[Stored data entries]
☆ ☆ ☆ ☆
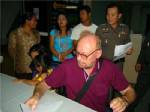 รวบเฒ่าอเมริกันหื่นอนาจารลูกบุญธรรมวัย 5 ขวบ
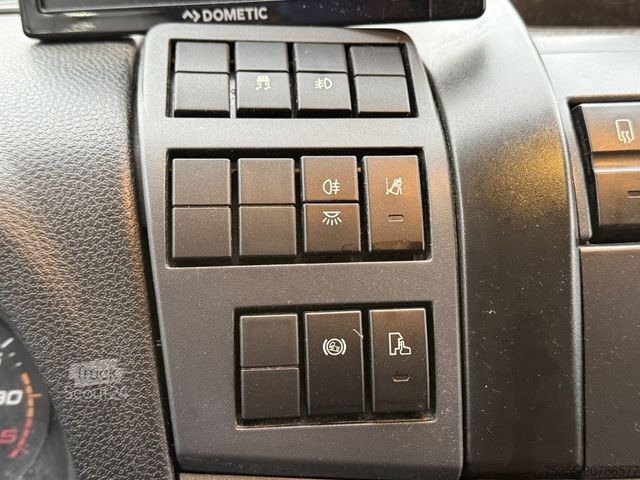 Autocarro con cassone IVECO EC ML120E21/P CNG Erdgas Klima 7,2m Koff LBW+Tür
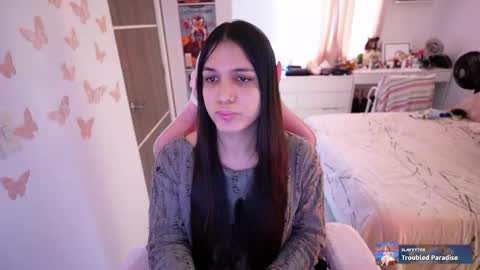 Snapshot of flora_angelical chatting on April 16, 3:13 pm Angel online show from April 16, 3:13 pm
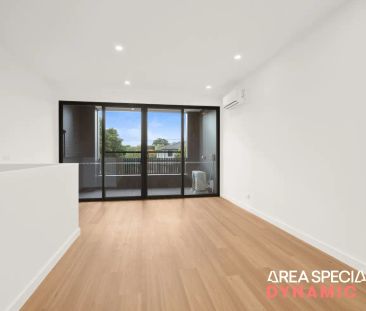 “Brand Town House in the Heart of Preston!” - Photo 6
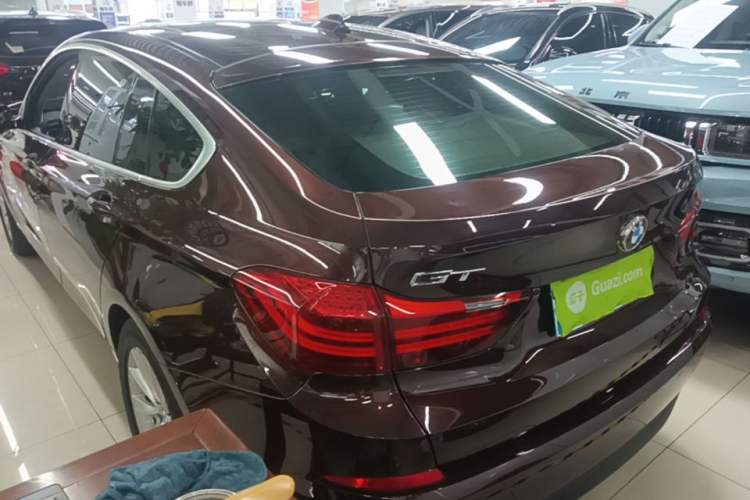 Used BMW 5 Series GT 2015 528i Leading Model Rear Left 45 Deg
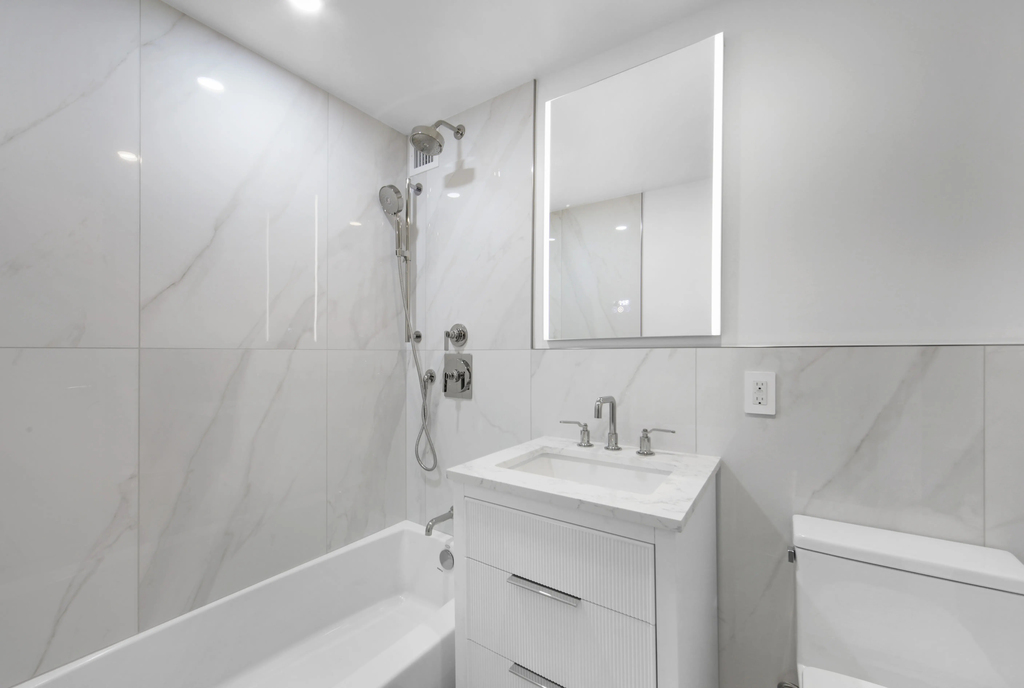 2BR in Upper East Side - Photo 7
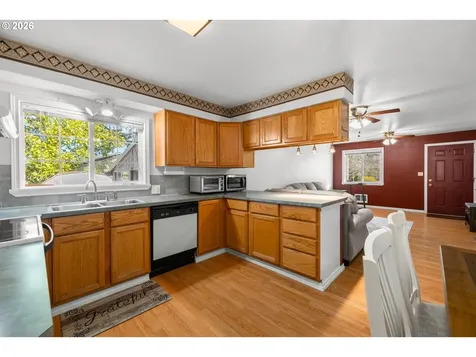 4925 SE 133rd Avenue Portland OR 97236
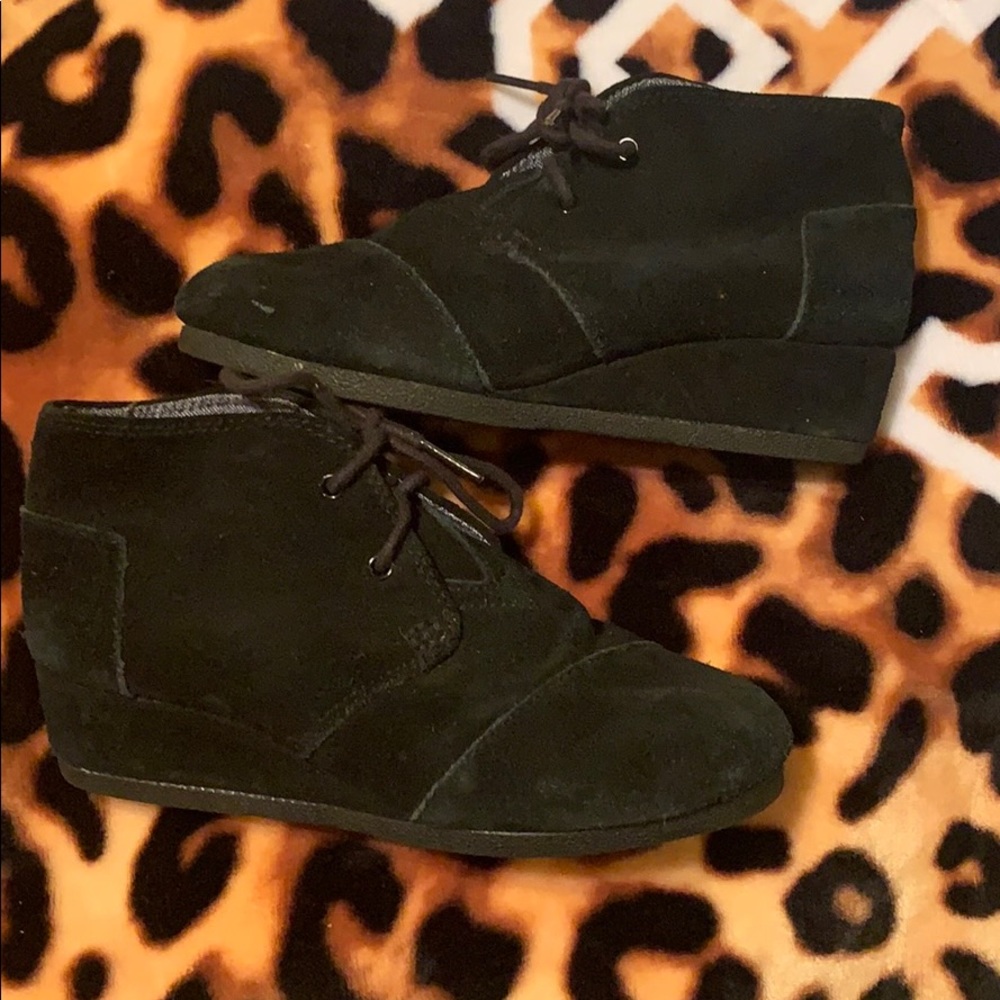 Girls TOMS suede bootie wedges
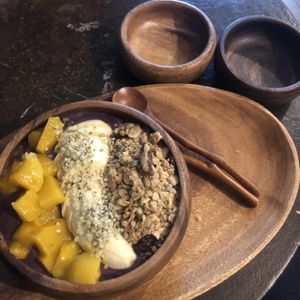 Smoothie bowl at Chez Valerie 셰 발레리 in Seoul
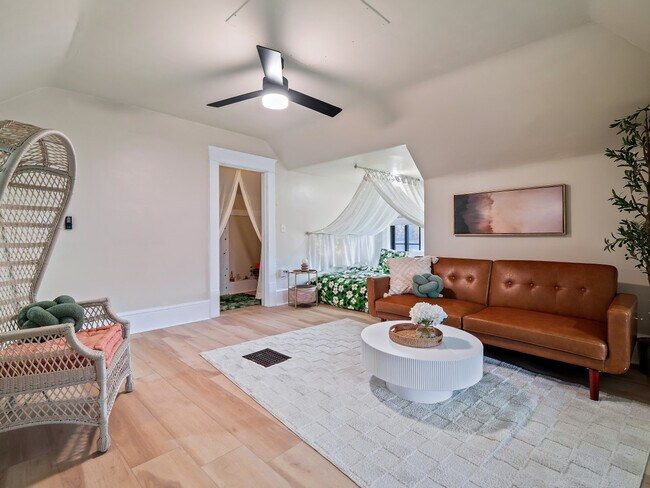 Building Photo - 25 N Rose Blvd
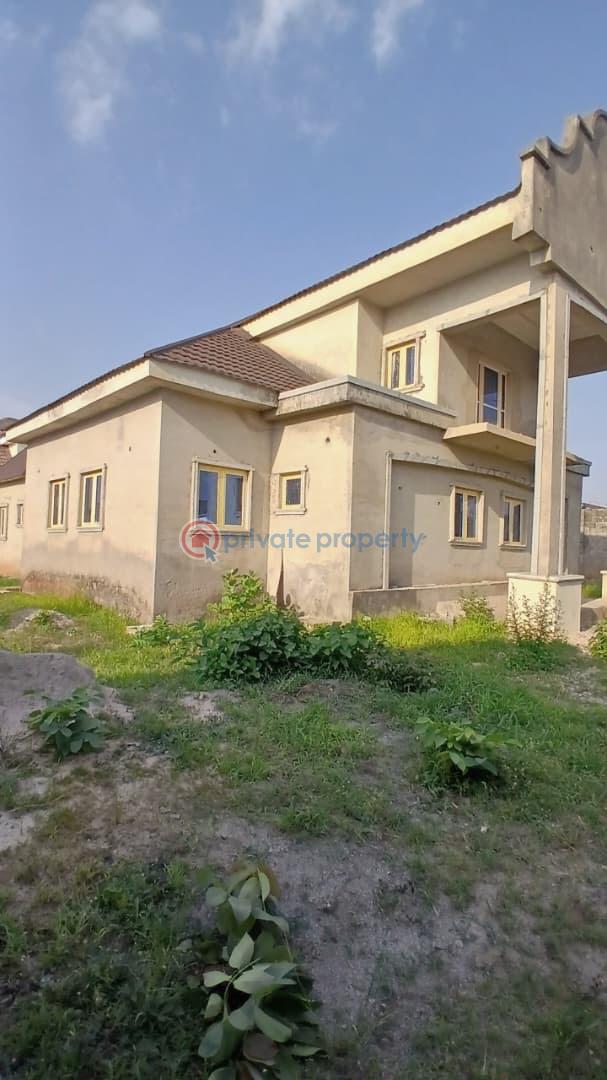 3 bedroom Detached Duplex For Sale Gaduwa Abuja Phase 2  - 1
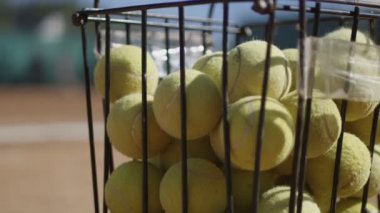 Tel kova tenis topları tam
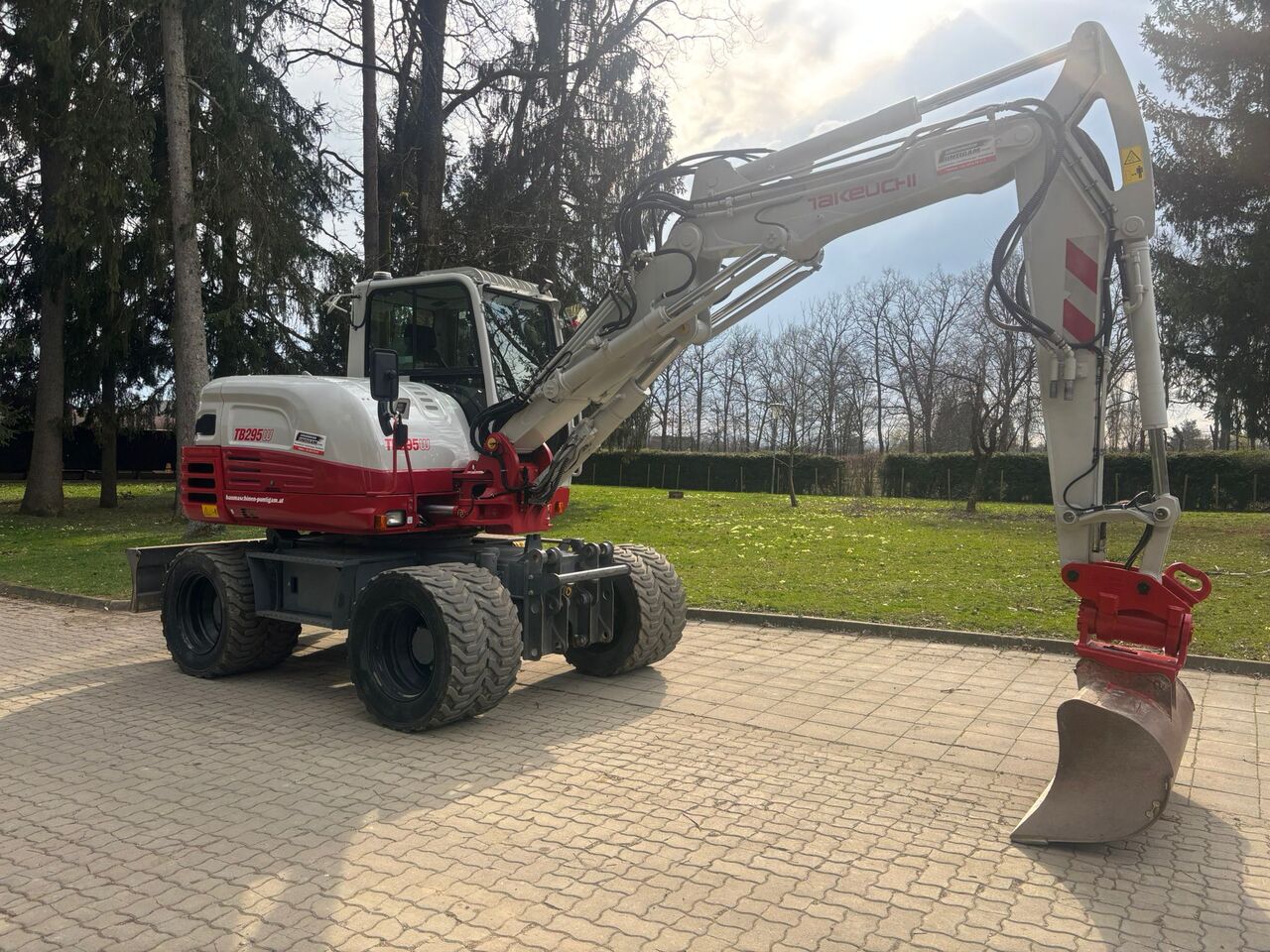 TAKEUCHI TB 295W - Kolesové rýpadlo: obrázok 4 TAKEUCHI TB 295W - Kolesové rýpadlo: obrázok 4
☆ ☆ ☆ ☆
• _Directions for this task_:
Please print the data above once more, exactly as it appears, with no pictures.

• _Result for this exercise_:
 รวบเฒ่าอเมริกันหื่นอนาจารลูกบุญธรรมวัย 5 ขวบ
 Autocarro con cassone IVECO EC ML120E21/P CNG Erdgas Klima 7,2m Koff LBW+Tür
 Snapshot of flora_angelical chatting on April 16, 3:13 pm Angel online show from April 16, 3:13 pm
 “Brand Town House in the Heart of Preston!” - Photo 6
 Used BMW 5 Series GT 2015 528i Leading Model Rear Left 45 Deg
 2BR in Upper East Side - Photo 7
 4925 SE 133rd Avenue Portland OR 97236
 Girls TOMS suede bootie wedges
 Smoothie bowl at Chez Valerie 셰 발레리 in Seoul
 Building Photo - 25 N Rose Blvd
 3 bedroom Detached Duplex For Sale Gaduwa Abuja Phase 2  - 1
 Tel kova tenis topları tam
 TAKEUCHI TB 295W - Kolesové rýpadlo: obrázok 4 TAKEUCHI TB 295W - Kolesové rýpadlo: obrázok 4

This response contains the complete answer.